Work to be completed. The response should be an exact transcription of the data below, free of images.

Items listed in a dataset.
________________

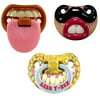 Billy Bob Baby Pacifier, 3 Pack (T-Rex, Lil Sherlock & Baby With Attitude)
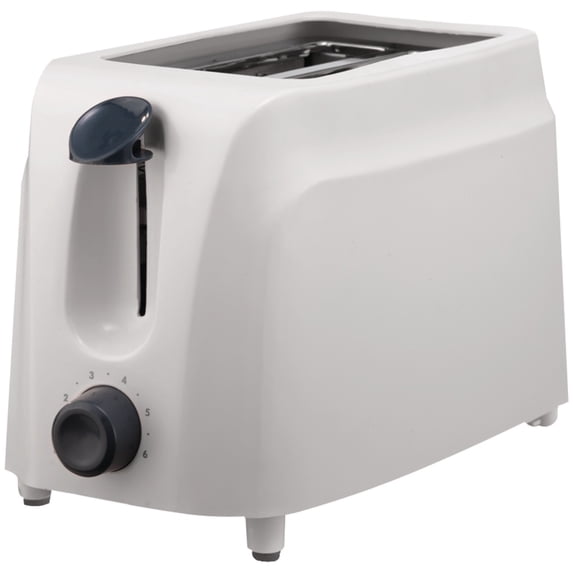 Brentwood Cool-Touch 2-Slice 760-Watt Toaster with Extra-Wide Slots and 6 Browning Levels, White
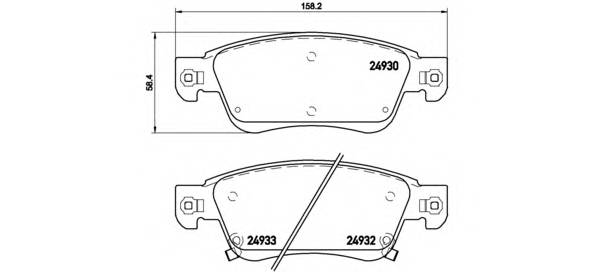 BREMBO P56080 KLOCKI HAMULC. INFINITI G  08- PRZУD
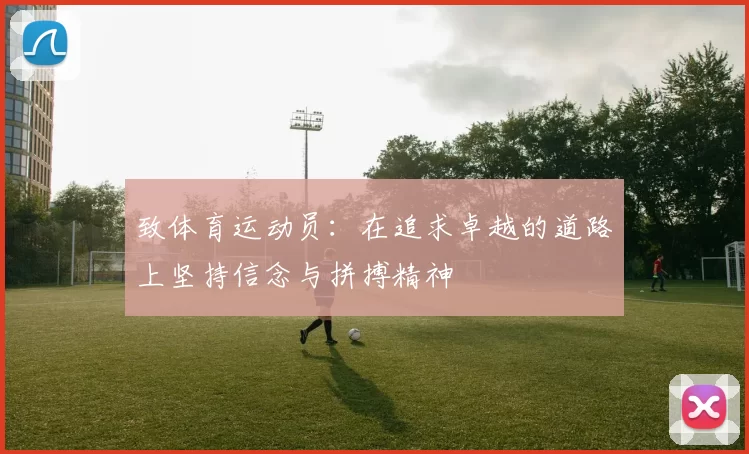 致体育运动员：在追求卓越的道路上坚持信念与拼搏精神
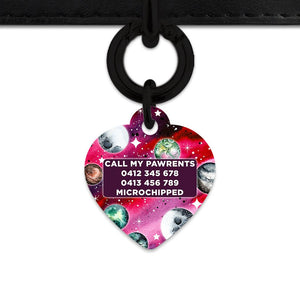 Bailey And Bone Pet ID Tags Crimson Galaxy Pet Tag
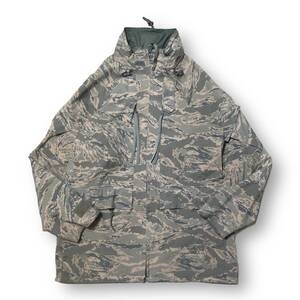 00sミリタリー／USAF APECS ABU Gore Tex Parka Jacket ゴアテックス パーカ ジャケット M-L ベージュ カーキ ダークグリーン 店舗受取可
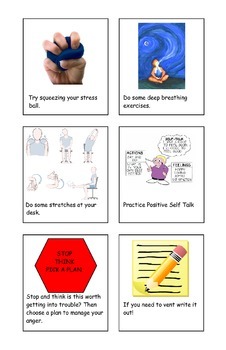 Preview of Calming Strategies Flipbook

________________

Output below.
 Billy Bob Baby Pacifier, 3 Pack (T-Rex, Lil Sherlock & Baby With Attitude)
 Brentwood Cool-Touch 2-Slice 760-Watt Toaster with Extra-Wide Slots and 6 Browning Levels, White
 BREMBO P56080 KLOCKI HAMULC. INFINITI G  08- PRZУD
 致体育运动员：在追求卓越的道路上坚持信念与拼搏精神
 Bailey And Bone Pet ID Tags Crimson Galaxy Pet Tag
 00sミリタリー／USAF APECS ABU Gore Tex Parka Jacket ゴアテックス パーカ ジャケット M-L ベージュ カーキ ダークグリーン 店舗受取可
 Preview of Calming Strategies Flipbook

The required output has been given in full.